The good news is that something finally seems to be shifting for me around this. And I’m fairly certain it’s largely due to the three month long (kick-ass!) group coaching program I’ve been taking with Chela Davison.

My intention for joining the group was to work on shifting my core belief structure around my self worth. It’s tough to stand in my power when my power chord is rarely plugged in… So, the first practice Chela suggested I do was to visualize myself sometime in the future, allowing myself to open up to receiving and listening to whatever message the older, wiser, “future me” has to say.

And, I totally tried this. I swear. I gave it my all. But, no matter how hard I tried…

I just couldn’t do it.

To begin with, I couldn’t even picture my future self—which was a brow-furrowing surprise to me because I’m constantly using my mind’s eye to visualize all the time. But, not only was I unable to conjure up a picture of my future self—I kept catching my mind trying to make things up for my future self to say because my mind didn’t want to stay open to “blindly” receiving something it didn’t perceive as having created, itself (too scary!). It kinda felt like I was catching myself trying to subconsciously cheat on my homework.

Epic fail.

So, I reported my “results” back to Chela. And she suggested I try a different practice this time.
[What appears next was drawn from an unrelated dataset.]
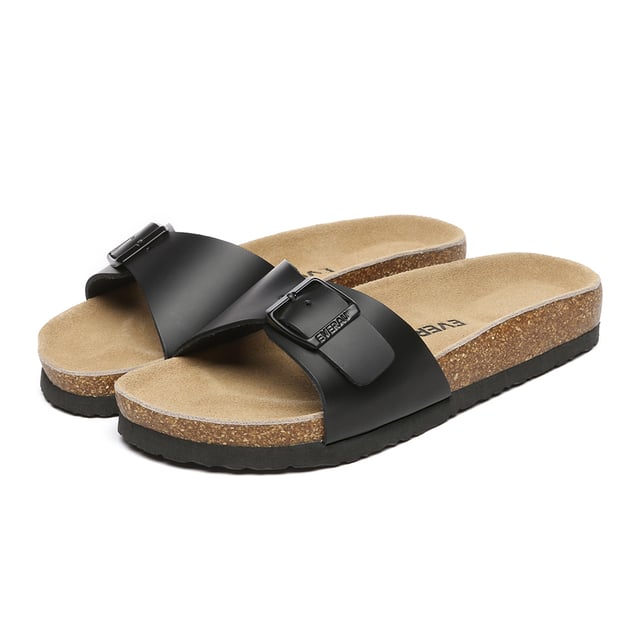 EVER AU Women Swan Leather Easy Slip-On Sandals - Black Leather Introducing the Swan Slides: designed for top-tier comfort and style. Constructed with premium cow suede and equipped with adjustable buckled straps to accommodate various foot shapes. Offered in white and dark brown, these adaptable sandals are ideal for vacations, beach trips, or daily use.
Product No. EAU5005
Description: - Leather Upper - Cowhide Midsole - EVA Sole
“The contraction you’re experiencing is mental, and your tendency is to exist solely up in your head… So, try accessing the feeling of receptivity through your body, instead. Make a safe place in your home that has a boundary around it where you feel protected. Then go through each body part, contracting and then relaxing it— paying close attention to the sensation of release. Then throughout your day, also practice receiving through the senses—taking in sounds, scents, tastes and sights—and feeling them coming in to you.”

OK—this is something I can do, I thought to myself…But what exactly does this have to do with helping me shift my core belief structure around my self worth? As if reading my mind (which I’m pretty sure she was!), Chela immediately piped back up.
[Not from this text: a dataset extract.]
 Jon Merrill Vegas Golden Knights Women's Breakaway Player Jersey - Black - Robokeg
“-And the reason I’m suggesting this exercise is because you’ll never be able to truly know your value if you’re not in the practice of being receptive and feeling your body. If you’re not open and present to what it feels like to feel and root your value in your body—then your mental idea of what your value is will only ever be a fleeting objectification. We objectify ourselves so much in this culture.”
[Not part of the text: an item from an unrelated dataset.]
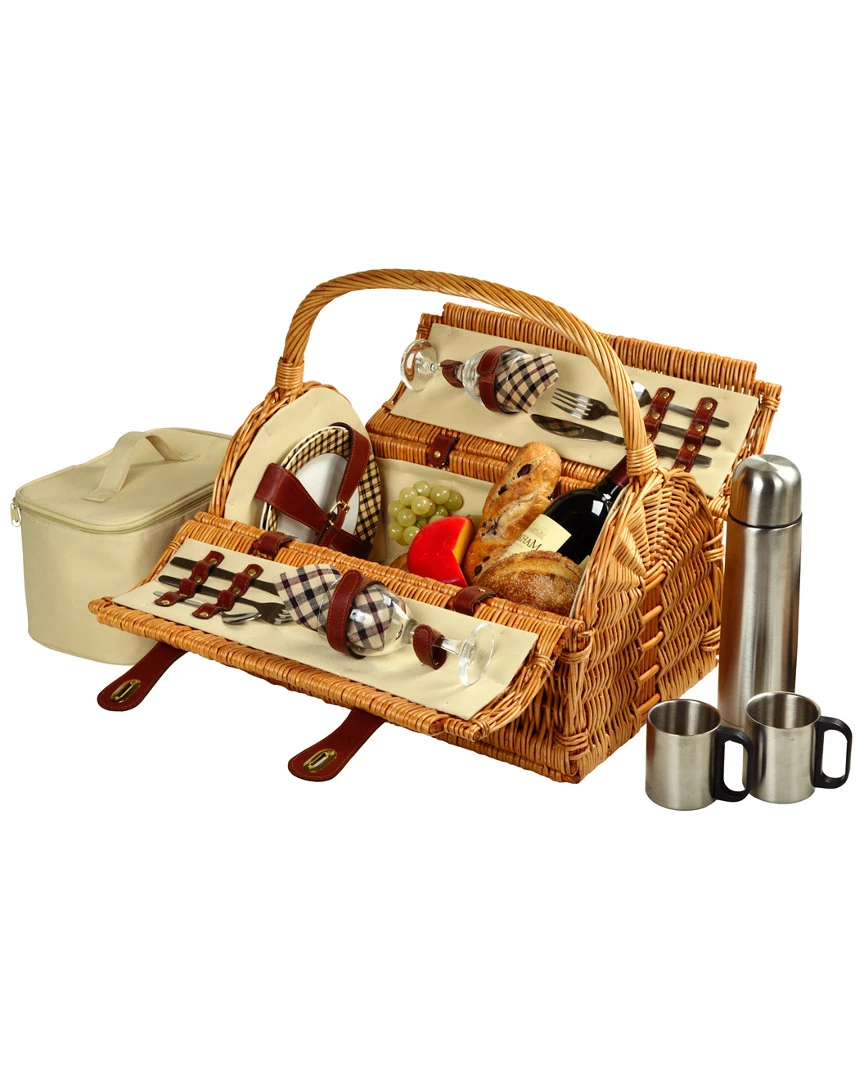 New β¨ Picnic At Ascot Sussex Picnic Basket & Coffee Set For 2 Home Outdoor Decor & Accessories 𧨠1 New β¨ Picnic At Ascot Sussex Picnic Basket & Coffee Set For 2 Home Outdoor Decor & Accessories π§¨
It took a few days for that gem to sink in. But, holy heck, did it land with me. And deep.

All the body-focussed mindfulness work I’ve been intuitively drawn to doing lately has been leading me toward a more integrated way of being. On a conscious level, I had no idea my difficulties with being receptive and connecting with my body and senses had anything to do with my bouts of low self esteem. But now I can totally see it. And not only can I see it.

I can feel it.

Transformation Lines

IAM

As an artist (and perennial student of life), I’m constantly looking for ways to grow—and I love taking classes and workshops when my time and budget allow. This past spring, I had the pleasure of taking Jack Grapes’ Method Writing class here in Los Angeles. It was the first writing class I’d ever taken that focussed solely on process—not product. And, wow, was it helpful…. I learned so much about how to put pen to paper, “go with the flow,” and just “trust the process.”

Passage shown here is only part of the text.